Fianna Fáil and Fine Gael claim two seats each, and Sinn Féin gets one

Sinn Féın candidate Kathleen Funchion and John Paul Phelan of Fine Gael celebrate with their supporters as they both secure a seat in Carlow-Kilkenny. Video: Colm Keena


The Carlow Kilkenny count finished with a dramatic last-minute turnaround that saw Fianna Fáil and Fine Gael claim two seats each, and Sinn Féin one.

During much of the count it had appeared that Fianna Fáil would win three seats and Jennifer Murnane O’Connor (FF) arrived in the count centre to hugs and cheers only to see weak transfers to the Carlow-based candidate causing her party’s dream of three-seats turn to ashes.

John McGuinness (FF) was the poll-topper and was elected on the fifth count. Kathleen Funchion (SF) and John Paul Phelan (FG) were elected on the tenth count, and on the distribution of his surplus Bobby Aylward (FF) and Pat Deering (FG) were deemed elected having not reached the quota.

Carlow-based Deering came surging from behind to pass out Murnane-O’Connor during the surplus distribution, having sat in the centre looking dejected for most of the day.

Labour junior minister Ann Phelan never looked in the running and did not attend the count centre. The count was completed by midnight.

Fianna Fáil got 40.38 per cent of the first preference votes, Fine Gael got 27.35 per cent, and Sinn Féin got 27.35.

Speaking to The Irish Times after his election, Mr Phelan said the people have voted against Fine Gael and Labour and it was up to Fianna Fáil, Sinn Féin, and the Independents to now form a government.

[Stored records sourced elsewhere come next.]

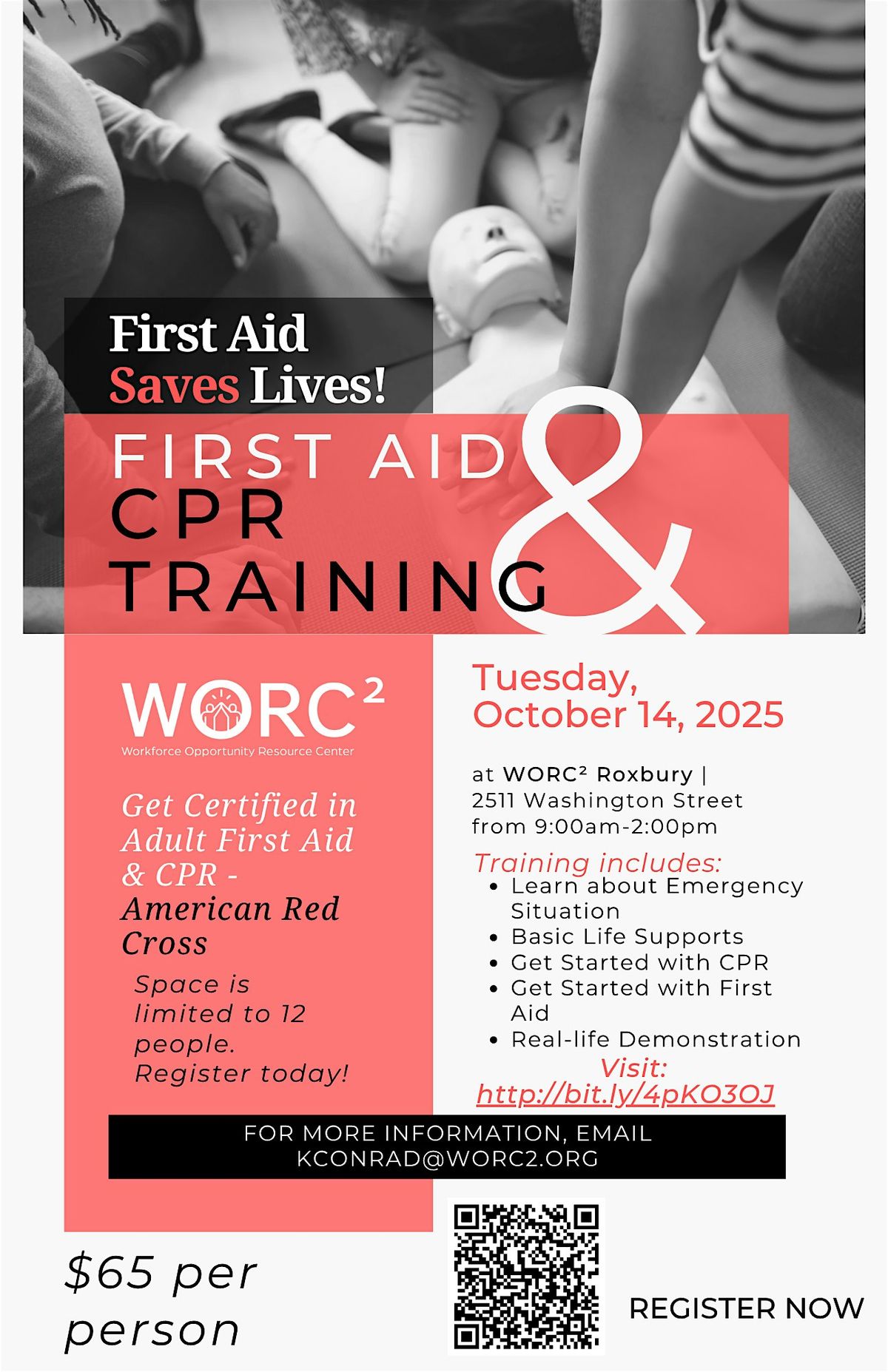 WORC\u00b2 presents: First Aid & CPR Training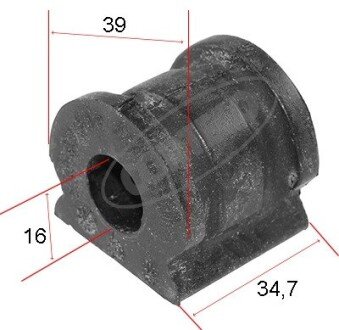 Втулка стабілізатора (переднього) VW Polo/Skoda Roomster/Fabia 99- (d=16mm) CORTECO 80005440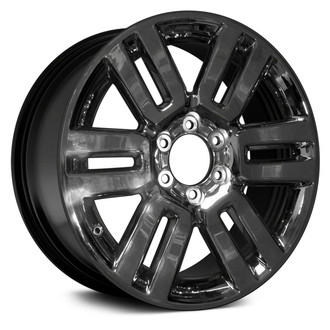 Replace® - 6 V-Spoke Black 20x7 Alloy Factory Wheel - Remanufactured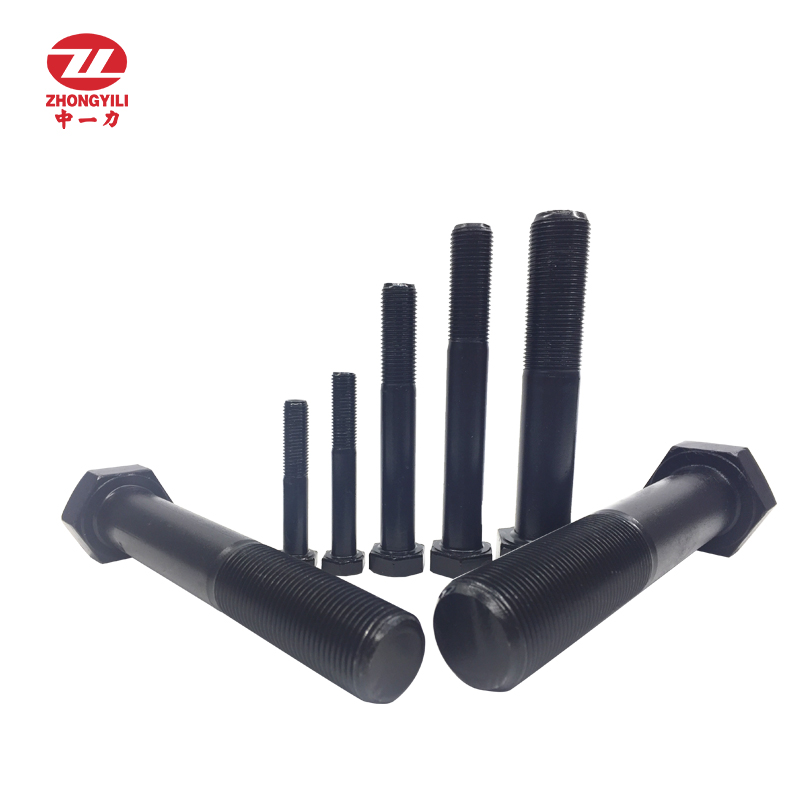 Good Quality ISO4014 Hex Bolts black oxide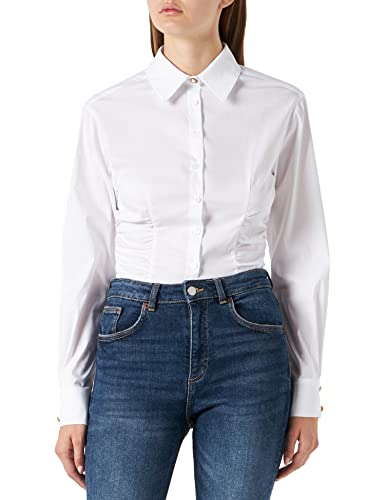 PINKO Damen CORNELIE Camicia Popeline Stre Bluse, Z04_Bianco Brill, 46N Cover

There was no appetite in Fine Gael for going into government with Fianna Fáil, he said, adding that he was basing his view on talks he had during the day with fellow party members, including ministers.

Mr Phelan said Fine Gael had lost the election campaign because it had run a “badly organised and badly managed” campaign.

This was not Enda Kenny’s fault, he said, as he had not crafted the campaign message. However, he agreed that as party leader, the Taoiseach was responsible “for appointing some people to some positions”.

The Fine Gael message did well in south Dublin, but not in rural Ireland, he added.